Brownback and senior aides met with Republican legislators Thursday afternoon and laid out a grim scenario unless the state figured out a way to balance the budget by Monday, one that included a likely downgrade of the state’s bond ratings.
“You've just got to act," Brownback said. "I'm pleading with you, really, to just one more time, just get in the saddle."
The Republican-controlled House responded by voting 95 to 20 against the governor’s tax increase -- an extraordinary repudiation of Brownback. But by the early hours of Friday morning, those lawmakers had second thoughts, and finally voted to accept the tax increase plan.
With the concurrence of the state Senate, the legislature approved $384 million in new revenue for the coming fiscal year, including an increase of the sales tax to 6.5 percent from 6.15 percent and an increase in the cigarette tax by 50 cents a pack to $1.29.
It would be easy to say that Brownback got his comeuppance after years of experimentation with tax policy that for many defied logic and did little to improve the economy or create new jobs.
Brownback, a former U.S. senator, rose to power promising to slash taxes, downsize government and spur economic growth.

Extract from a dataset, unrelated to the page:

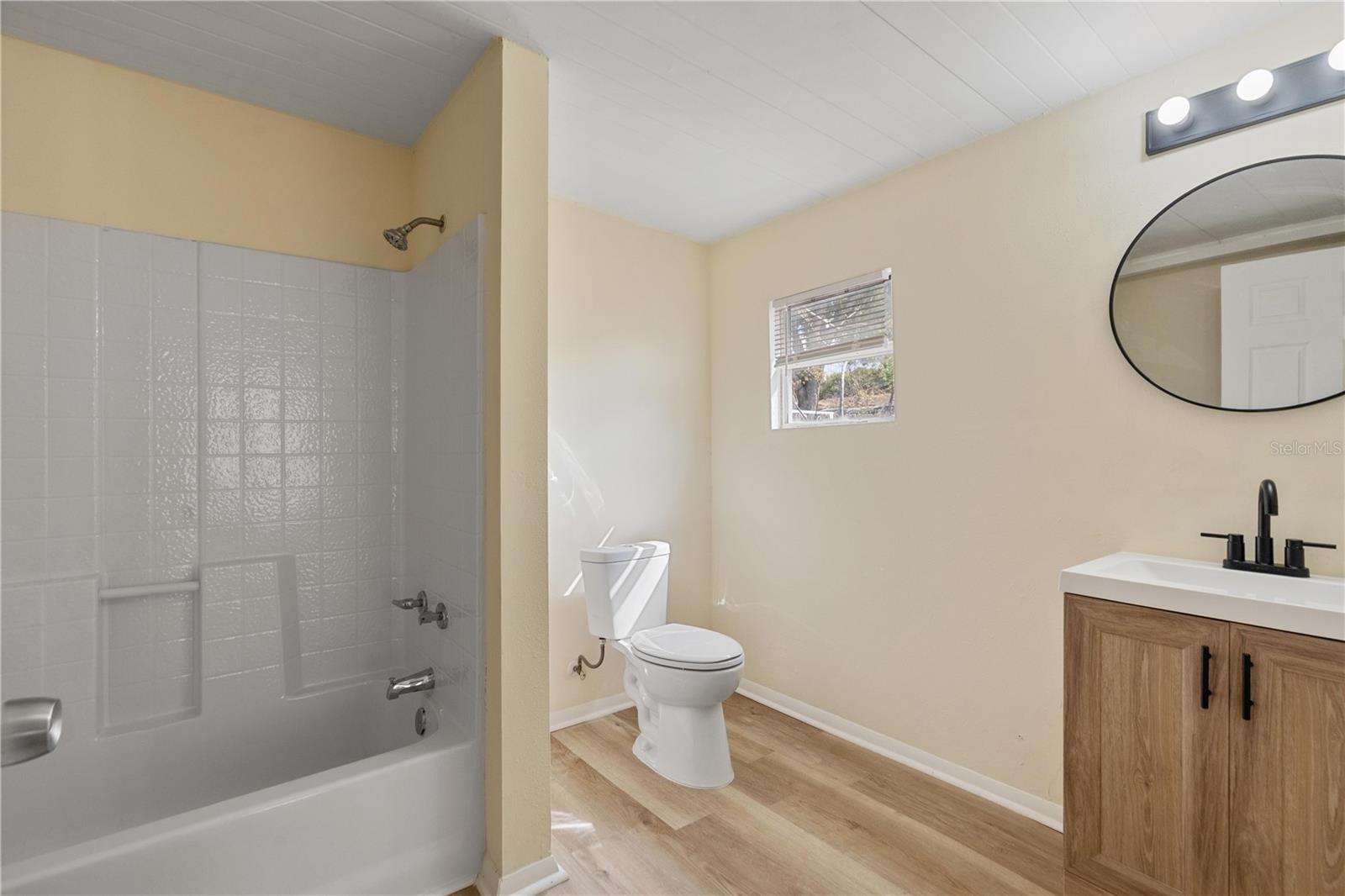 REGENCY PARK - Residential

A handful of conservative governors, including Brownback and Bobby Jindal of Louisiana, have for years promoted supply-side tax cuts as an elixir for the economy -- one that can actually increase revenues.
Brimming with confidence that he could provide “a shot of adrenaline” to his state’s economy, Brownback pushed through a major state tax overhaul in 2012 and 2013. It included a 25 percent reduction in the top income tax rates and tax cuts on various types of income.
But there were numerous warning signs that state revenues were running far behind projections, and that a fiscal crisis was on the horizon. In the months leading up to his reelection last fall, Brownback repeatedly dismissed or downplayed state reports and analyses showing that his tax cut strategy was cutting into the flow of state tax revenues and driving up the deficit.
In late January, however, a seemingly chastened Brownback proposed a slowdown in income tax cuts — plus major tax increases on tobacco and liquor — as part of fixing a budget shortfall projected at $648 million for the next fiscal year. The proposal was similar to one from his Democratic opponent last fall.
Yet even after a humiliating few days of having to beg the legislature to go along with a huge increase in tax revenues, Brownback appears to be unfazed. He argues that Kansas will still have "pro-growth" economic policies if it preserves most of the income tax cuts he helped pass, even with increases in the sales and cigarette taxes.
"Nationally, Kansas is not the model any state is looking to follow right now," Joseph Henchman, a vice president at the Washington-based Tax Foundation, told the AP. "What have you gained if you've cut taxes and the state becomes insolvent?"